## Problem requirements
Would you retype exactly the lines below, starting with the one that has "Here's a 2015" and going on through the one that has "Hello everybody and", with no pictures and nothing else?

## Data records
══════

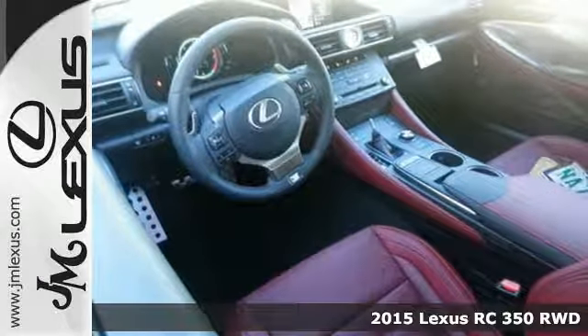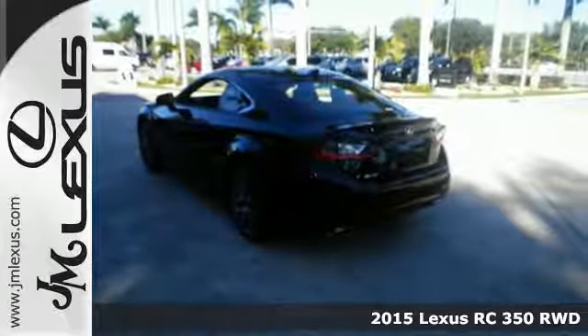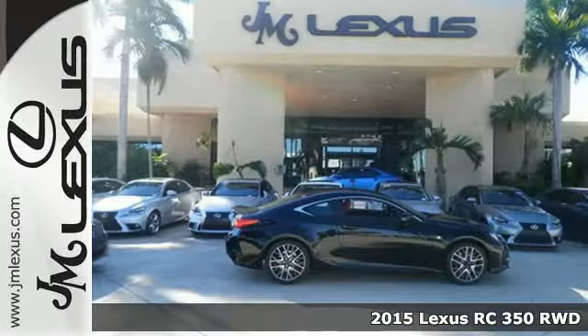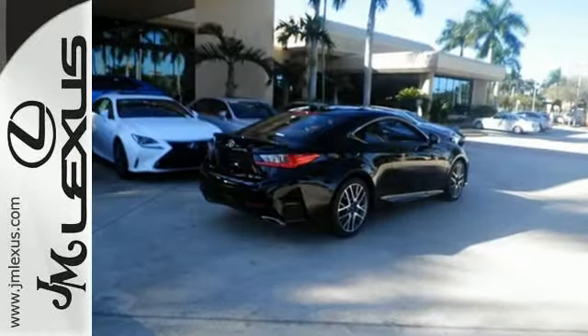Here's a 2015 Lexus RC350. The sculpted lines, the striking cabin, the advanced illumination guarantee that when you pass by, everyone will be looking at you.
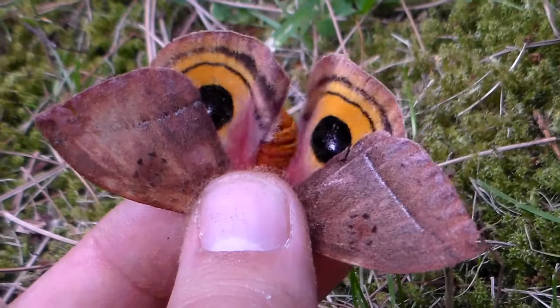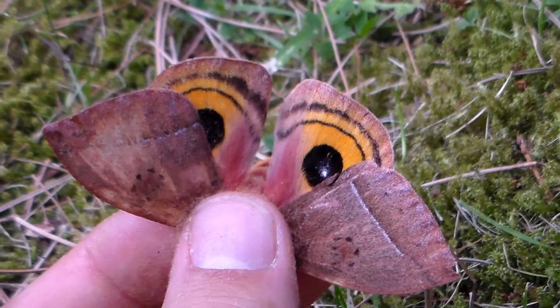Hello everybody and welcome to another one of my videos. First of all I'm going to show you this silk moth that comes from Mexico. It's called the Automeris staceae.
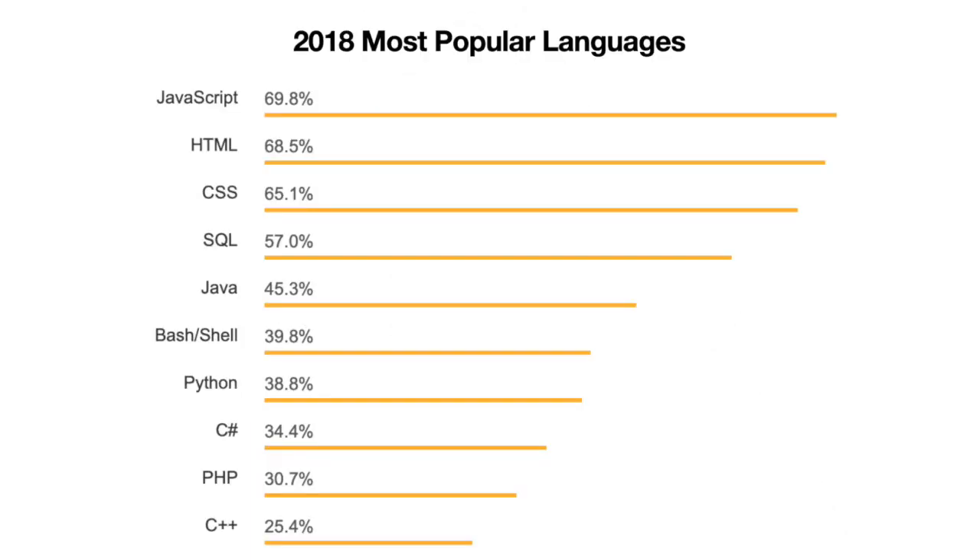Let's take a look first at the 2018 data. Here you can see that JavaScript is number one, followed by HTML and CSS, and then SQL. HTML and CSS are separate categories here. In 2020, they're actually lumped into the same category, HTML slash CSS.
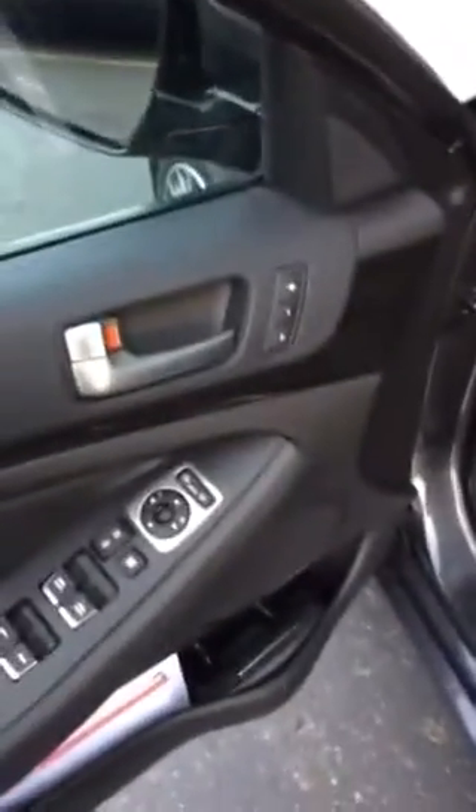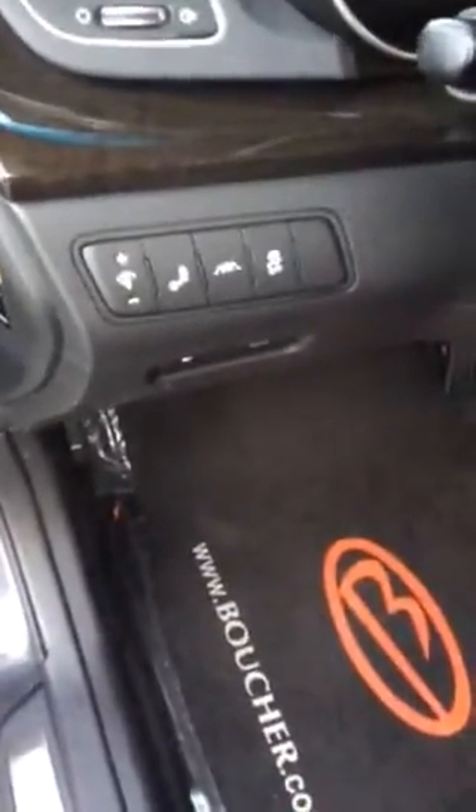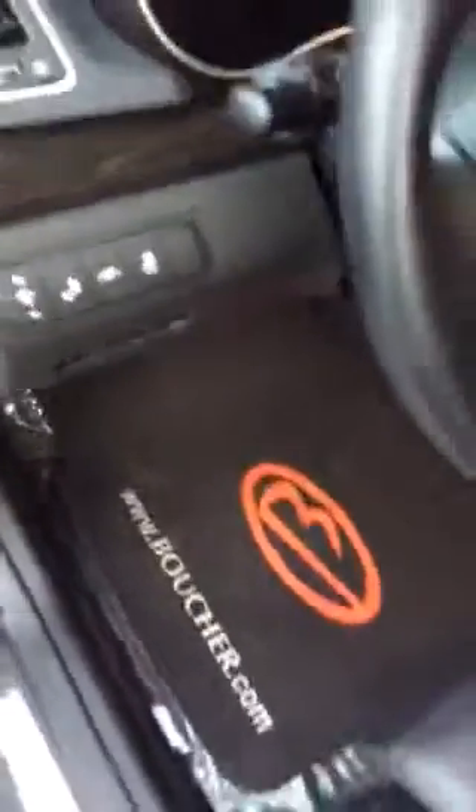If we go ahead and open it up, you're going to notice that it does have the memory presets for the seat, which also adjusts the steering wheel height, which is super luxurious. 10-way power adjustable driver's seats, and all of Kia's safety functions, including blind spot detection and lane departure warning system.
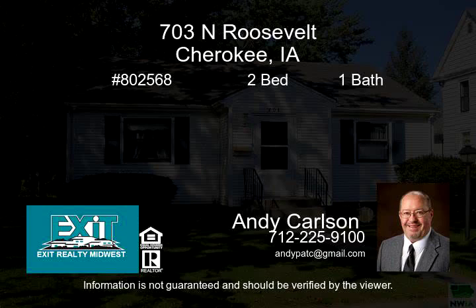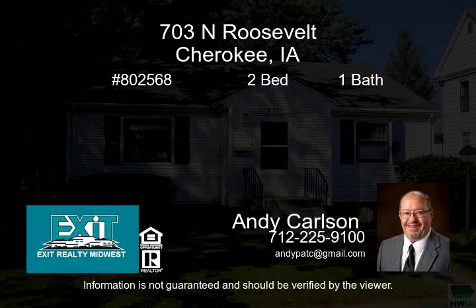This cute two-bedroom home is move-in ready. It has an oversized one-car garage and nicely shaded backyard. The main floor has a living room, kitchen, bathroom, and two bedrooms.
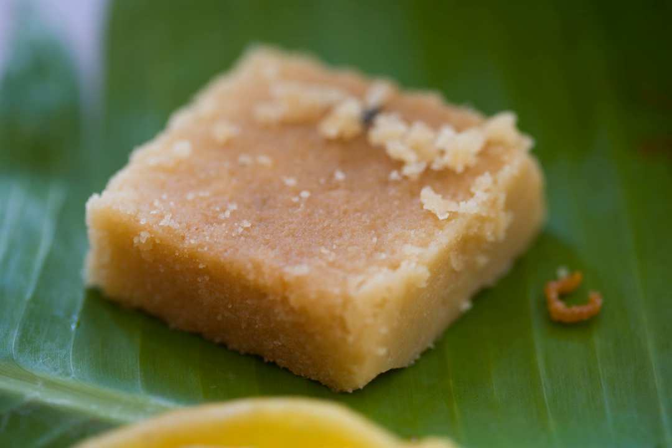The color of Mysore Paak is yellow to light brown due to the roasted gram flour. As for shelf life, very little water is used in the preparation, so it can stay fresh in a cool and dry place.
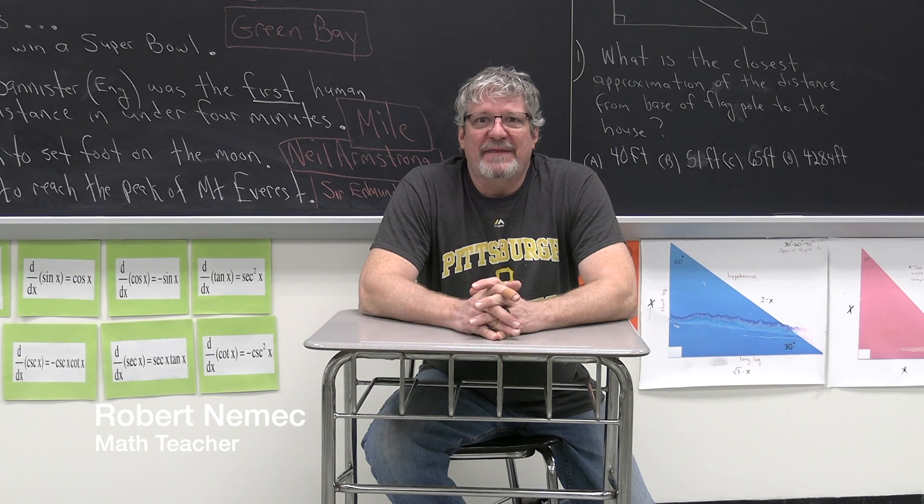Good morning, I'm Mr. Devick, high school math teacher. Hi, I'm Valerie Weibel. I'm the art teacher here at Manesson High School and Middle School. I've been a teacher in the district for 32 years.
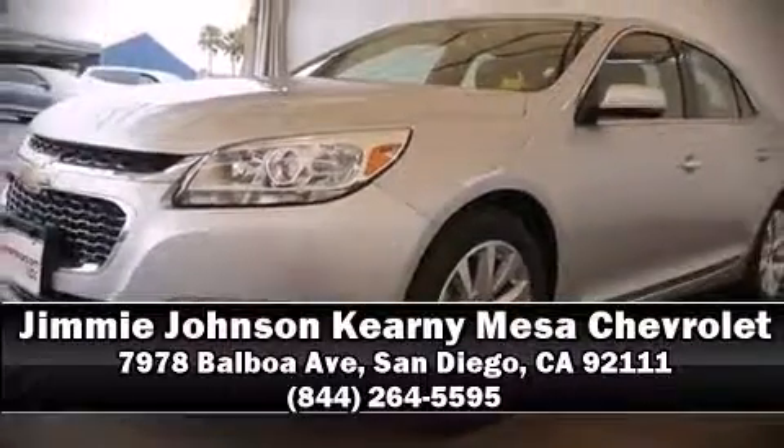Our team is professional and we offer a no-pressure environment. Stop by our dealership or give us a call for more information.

══════

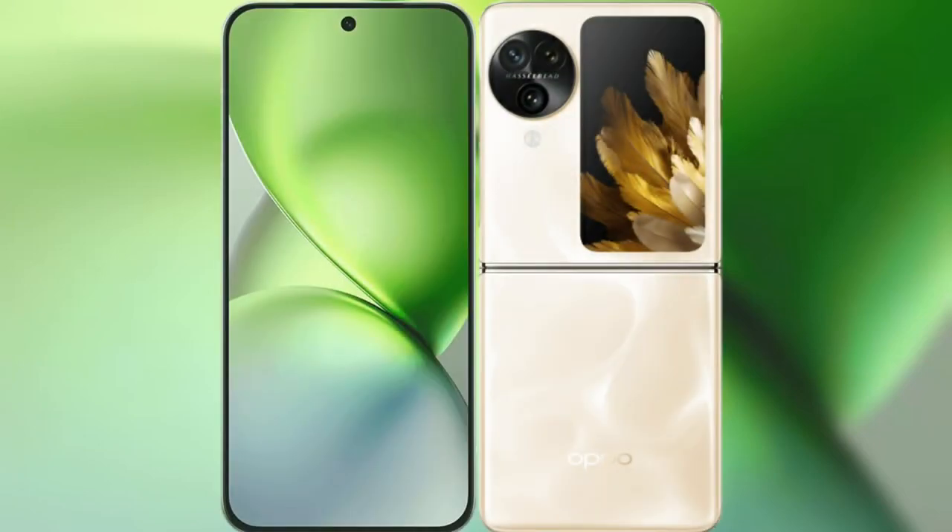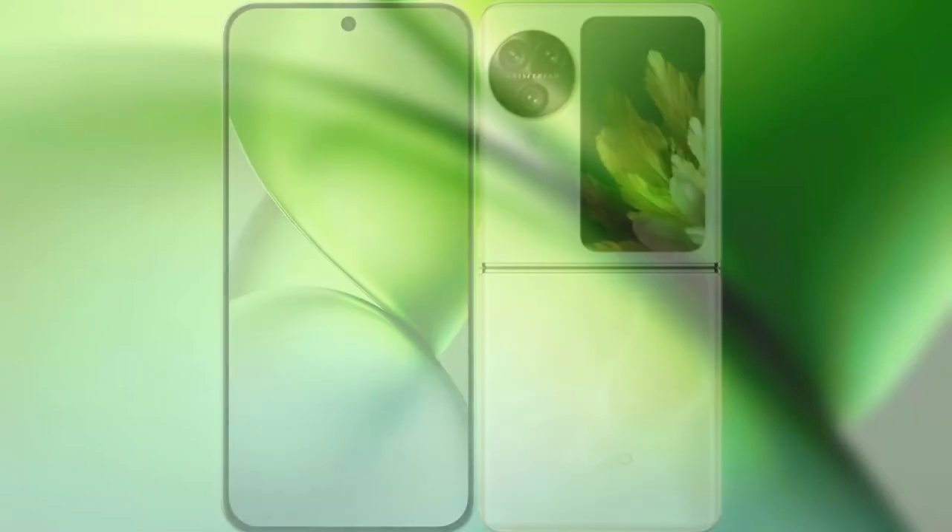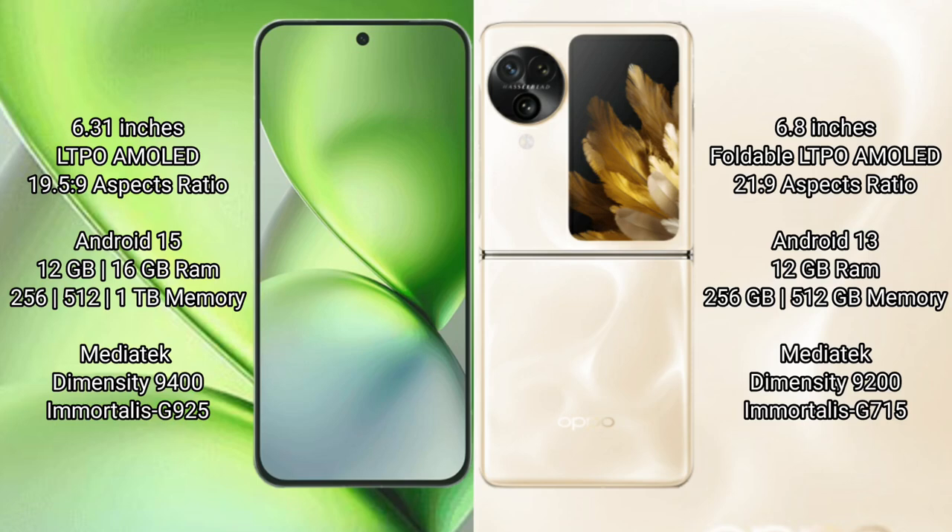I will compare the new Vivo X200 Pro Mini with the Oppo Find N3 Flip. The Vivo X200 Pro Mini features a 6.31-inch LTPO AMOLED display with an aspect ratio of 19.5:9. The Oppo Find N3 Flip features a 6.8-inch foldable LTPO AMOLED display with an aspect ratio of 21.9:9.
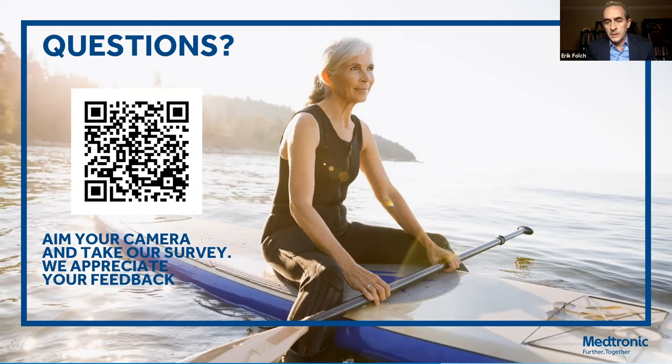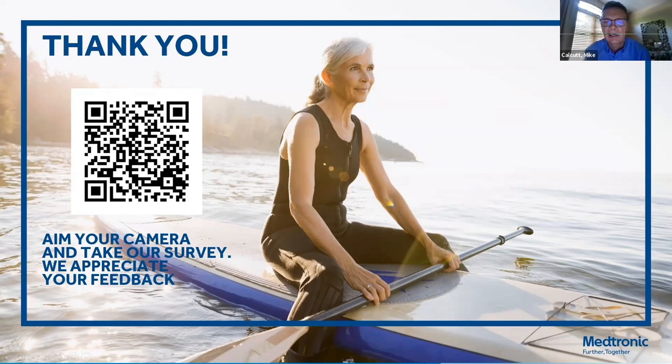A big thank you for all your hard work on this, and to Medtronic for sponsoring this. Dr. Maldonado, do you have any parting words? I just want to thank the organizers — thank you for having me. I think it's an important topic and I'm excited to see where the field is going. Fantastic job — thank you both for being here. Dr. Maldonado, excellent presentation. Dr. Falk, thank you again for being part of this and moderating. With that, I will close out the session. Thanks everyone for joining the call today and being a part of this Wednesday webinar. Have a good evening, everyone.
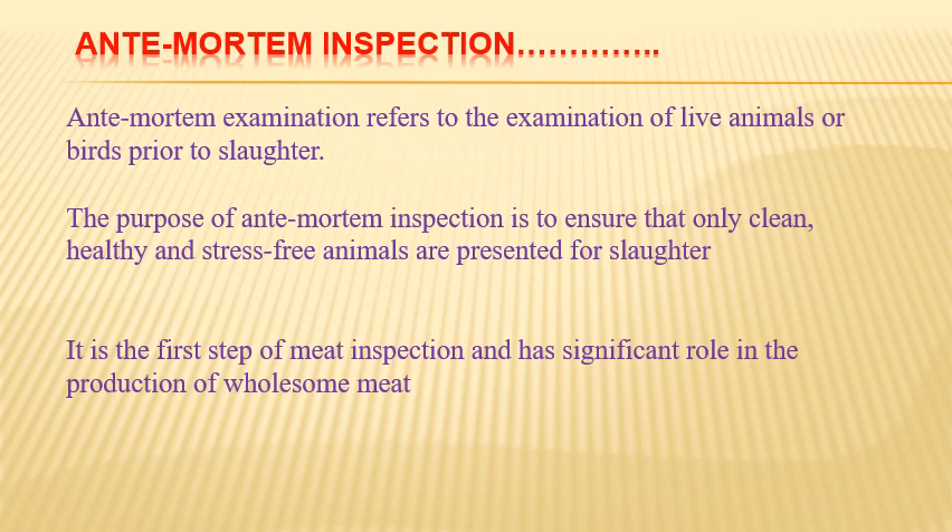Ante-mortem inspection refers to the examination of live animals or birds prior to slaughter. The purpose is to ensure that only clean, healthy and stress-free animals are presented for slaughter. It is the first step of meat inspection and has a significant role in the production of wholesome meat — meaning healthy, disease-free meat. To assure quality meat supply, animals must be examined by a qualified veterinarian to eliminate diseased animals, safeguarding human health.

══════

## Solution below
Here's a 2015 Lexus RC350. The sculpted lines, the striking cabin, the advanced illumination guarantee that when you pass by, everyone will be looking at you.
Hello everybody and welcome to another one of my videos. First of all I'm going to show you this silk moth that comes from Mexico. It's called the Automeris staceae.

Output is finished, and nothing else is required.